Once upon a time, tucked away in a tiny garage in Anytown USA, there was a modest Remote Access Server. Its flickering green lights indicated that the rack of mighty 56K V.90 Modems sitting next to it were busy linking a new wave of Internet users to the wonders of the World Wide Web. But the RS.2321 umbilical bond between the two would soon be severed as the little RAS grew up and acquired its own integrated digital modem capabilities, complete with breakneck T1/E1/PRI interfaces direct to network service providers. The standalone modem’s reign came to an end, and our Remote Access Server made its rightful accession to the Internet gateway throne. And with MAX -- the predominant product during this industry transition, from a small company called Ascend -- the rightful succession was almost assured.

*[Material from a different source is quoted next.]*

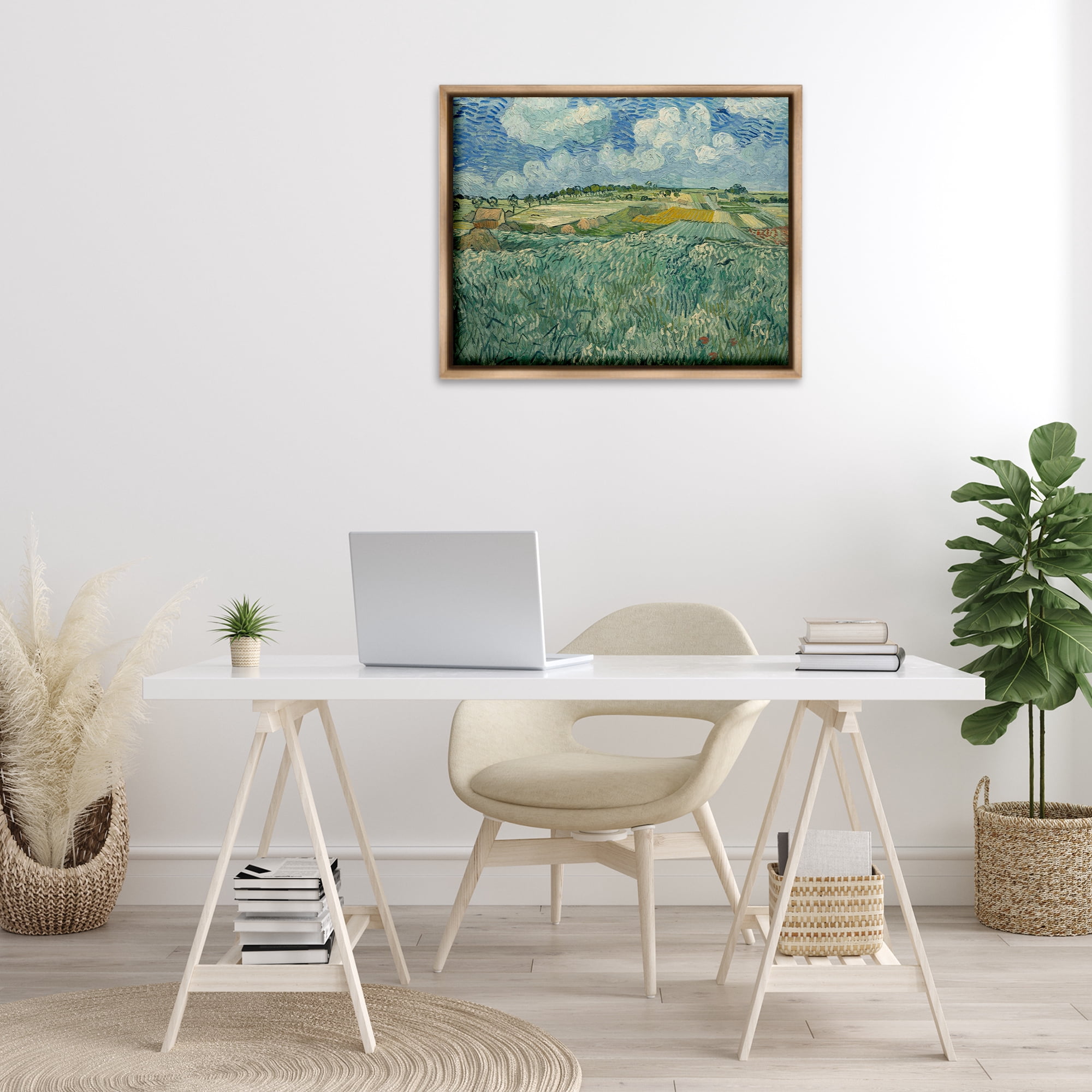 Stupell Industries Classical Van Gogh Farmland Landscape & Nature Painting Brown Floater Framed Canvas Art Print Wall Art, 31 x 25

The Remote Access Server was not only found in the garages of middle America, of course. It was primarily racked and stacked en masse within the data centers of larger Internet Service Providers (ISPs) and enterprises wishing to set up early analog or ISDN Virtual Private Networking (VPN) access for remote workers. It was simply an interesting dynamic of that time, where individuals with a modicum of tech savvy could become local Internet points-of-presence (POPs). Together, they served a growing number of local users not willing to be tied to a walled-garden Internet being served up by the likes of AOL or tired of paying for the cost of a long-distance phone call on top of the Internet access charge.  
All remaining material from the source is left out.